(Records shown Opens)

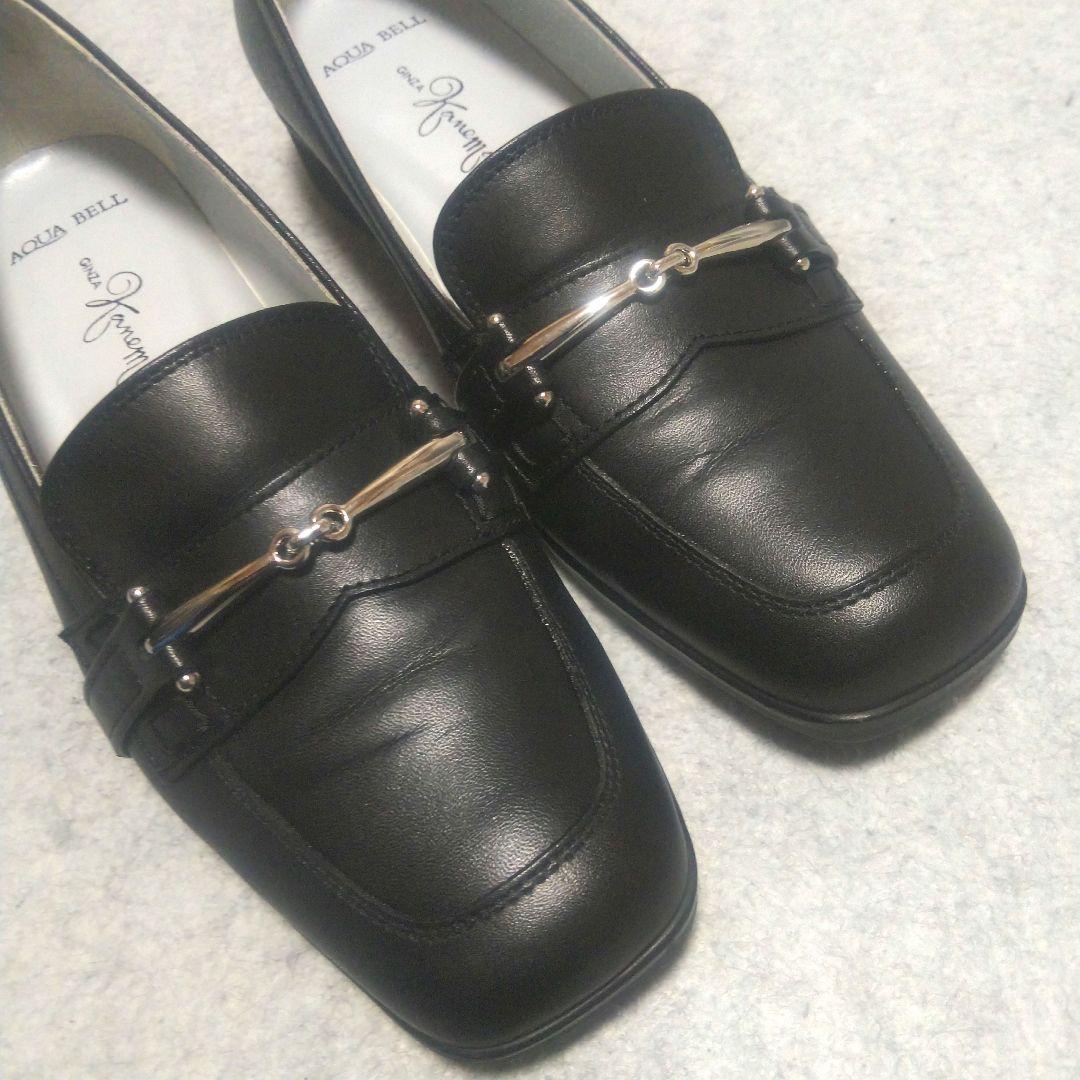 美品 】銀座かねまつ AQUA BELL ビットローファー 黒レザー 23cm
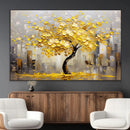 Golden Tree Canvas Print | Abstract Wall Art for Modern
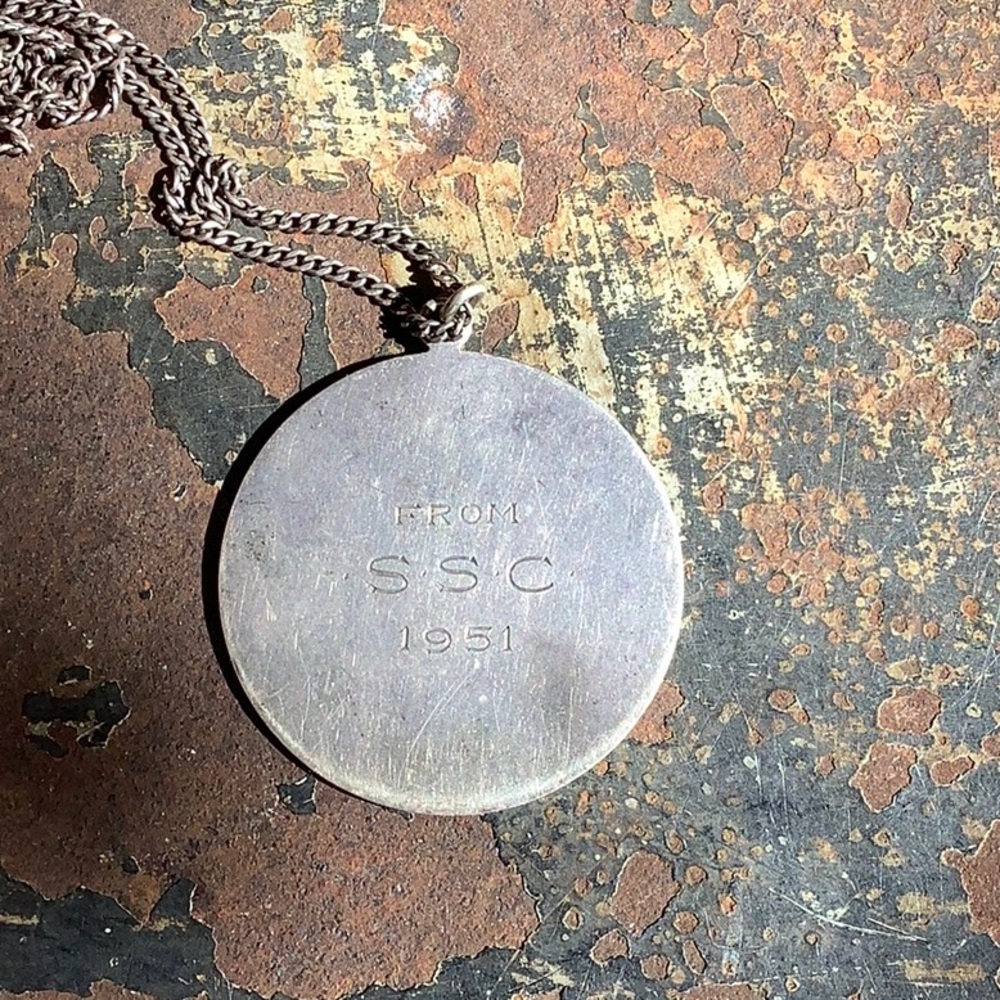 Vintage 1950s Silver Plate Monogrammed Large Charm - Picture 6 of 6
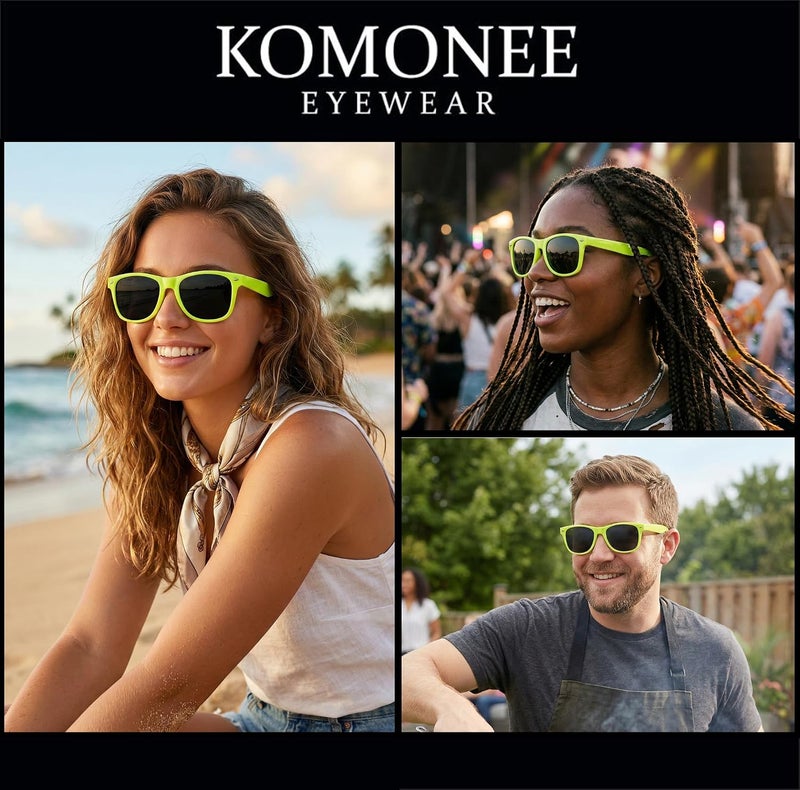 Komonee Drifter Sunglasses Classic Style Retro Sun Shades Eye Glasses UV400 Protection Unisex For Men Women Golf Cycling Sports Fishing Travel, Neon Yellow, One size - Image 4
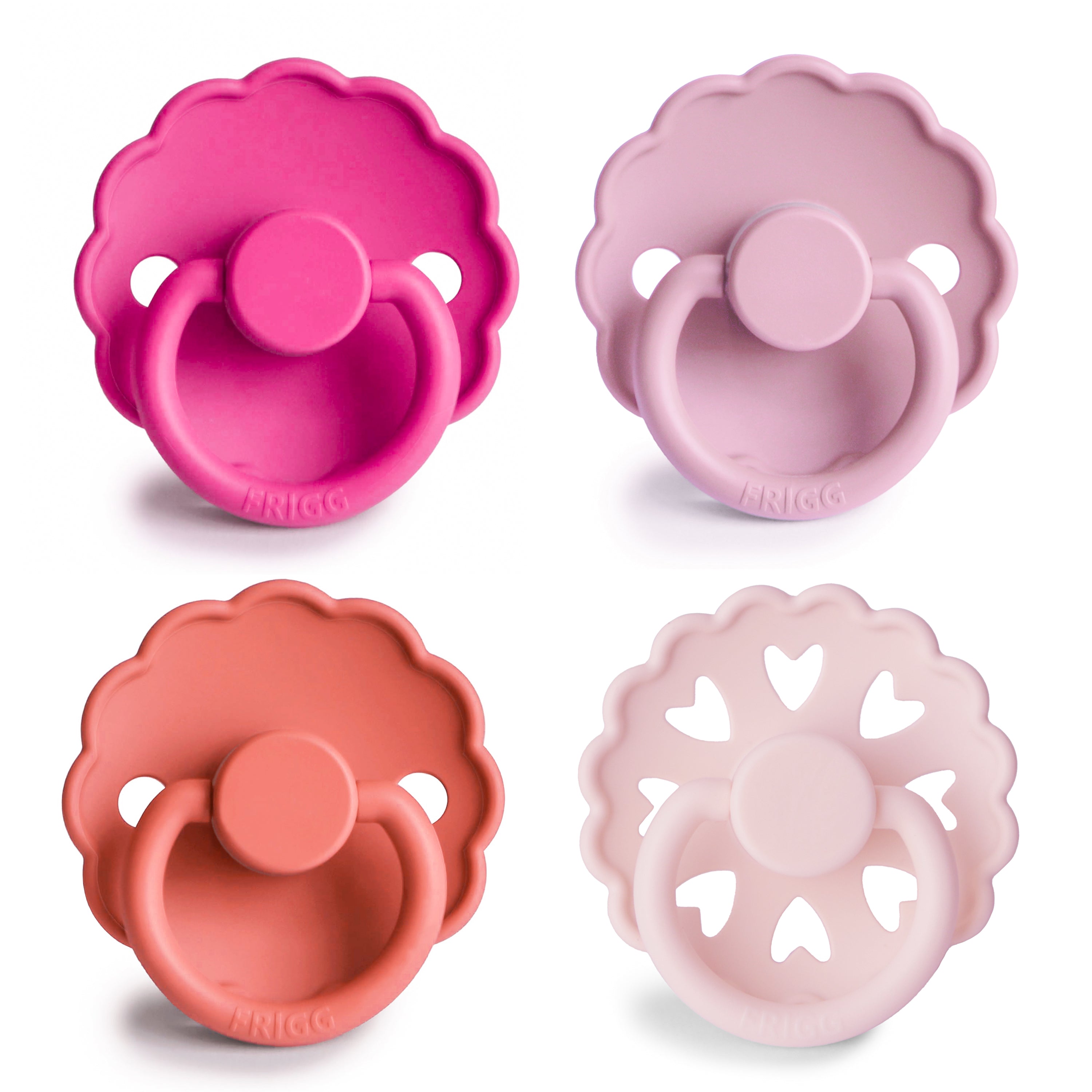 FRIGG Silicone Rosy Romance Pacifier 4-Pack FRIGG PACIFIERS Mushie 0-6 Months  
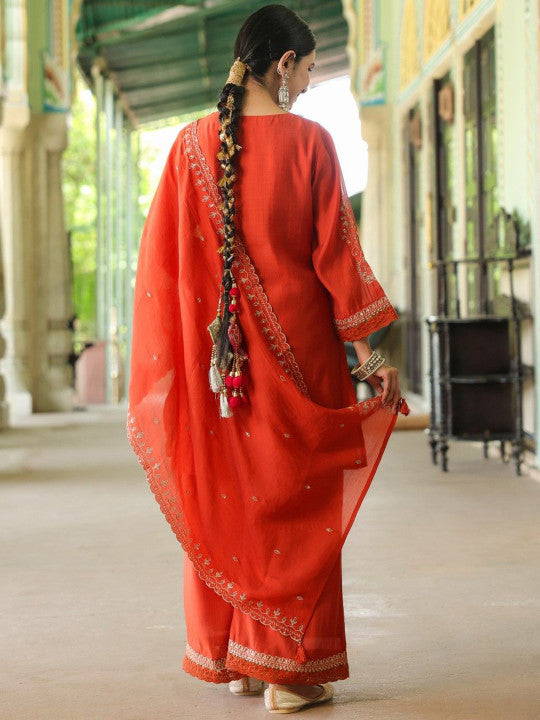 AUTUMN LANE Women Embroidered Regular Sequinned Kurta with Palazzos & Dupatta
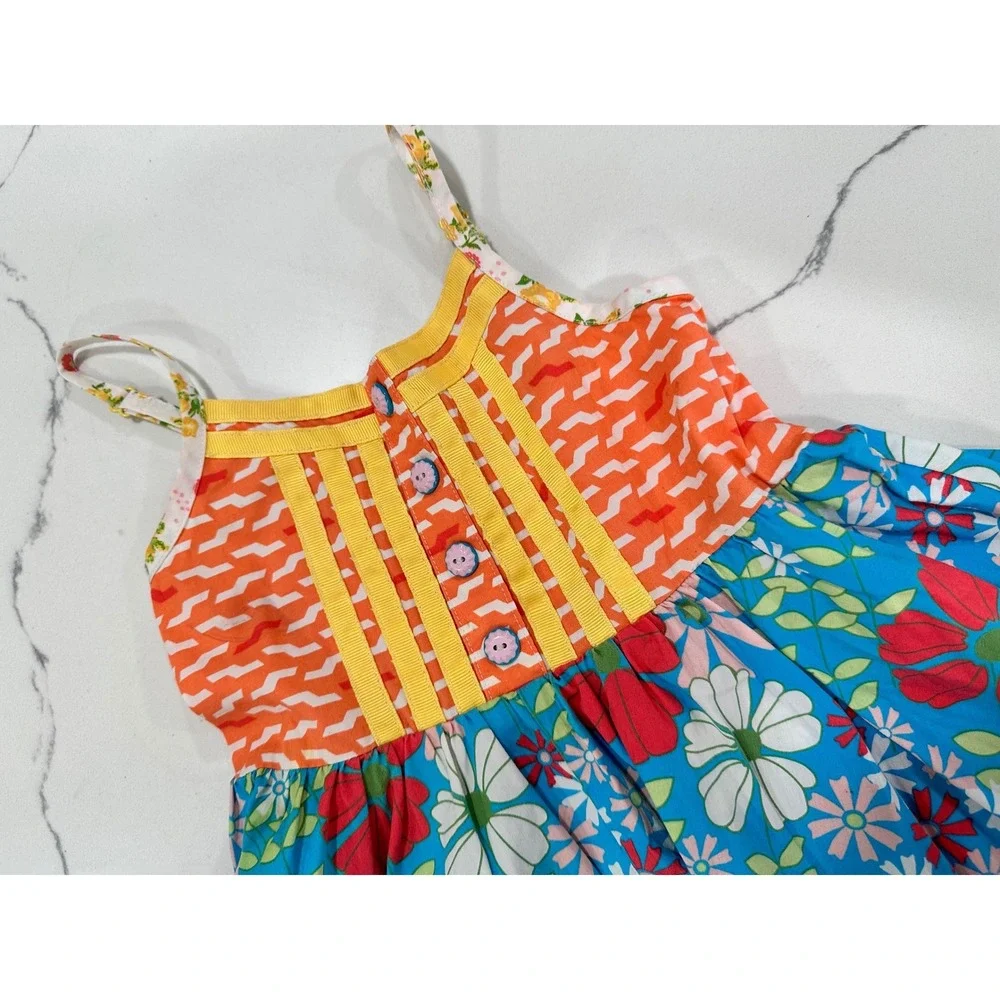 Matilda Jane Girls Floral Geometric Sundress Blue Orange‎ Size 4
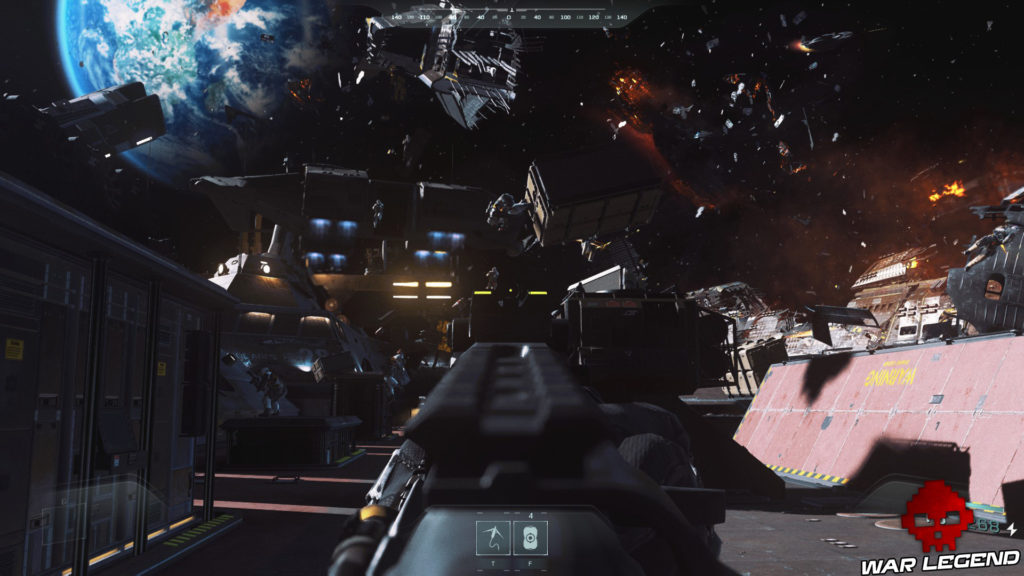 Test Call of Duty: Infinite Warfar vue de l'espace avec débris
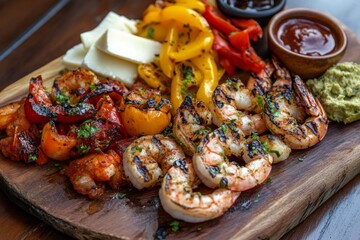 Grilled shrimp and vegetables with cheese and sauces on wooden board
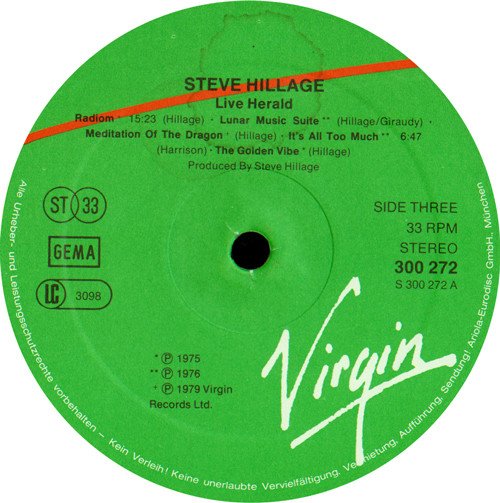 Steve Hillage Live Herald-2xLP, Vinilos, Historia Nuestra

(Records shown Closes)

Action item
Leave out the pictures and copy everything else in the records word for word.

Result
 美品 】銀座かねまつ AQUA BELL ビットローファー 黒レザー 23cm
 Golden Tree Canvas Print | Abstract Wall Art for Modern
 Vintage 1950s Silver Plate Monogrammed Large Charm - Picture 6 of 6
 Komonee Drifter Sunglasses Classic Style Retro Sun Shades Eye Glasses UV400 Protection Unisex For Men Women Golf Cycling Sports Fishing Travel, Neon Yellow, One size - Image 4
 FRIGG Silicone Rosy Romance Pacifier 4-Pack FRIGG PACIFIERS Mushie 0-6 Months  
 AUTUMN LANE Women Embroidered Regular Sequinned Kurta with Palazzos & Dupatta
 Matilda Jane Girls Floral Geometric Sundress Blue Orange‎ Size 4
 Test Call of Duty: Infinite Warfar vue de l'espace avec débris
 Grilled shrimp and vegetables with cheese and sauces on wooden board
 Steve Hillage Live Herald-2xLP, Vinilos, Historia Nuestra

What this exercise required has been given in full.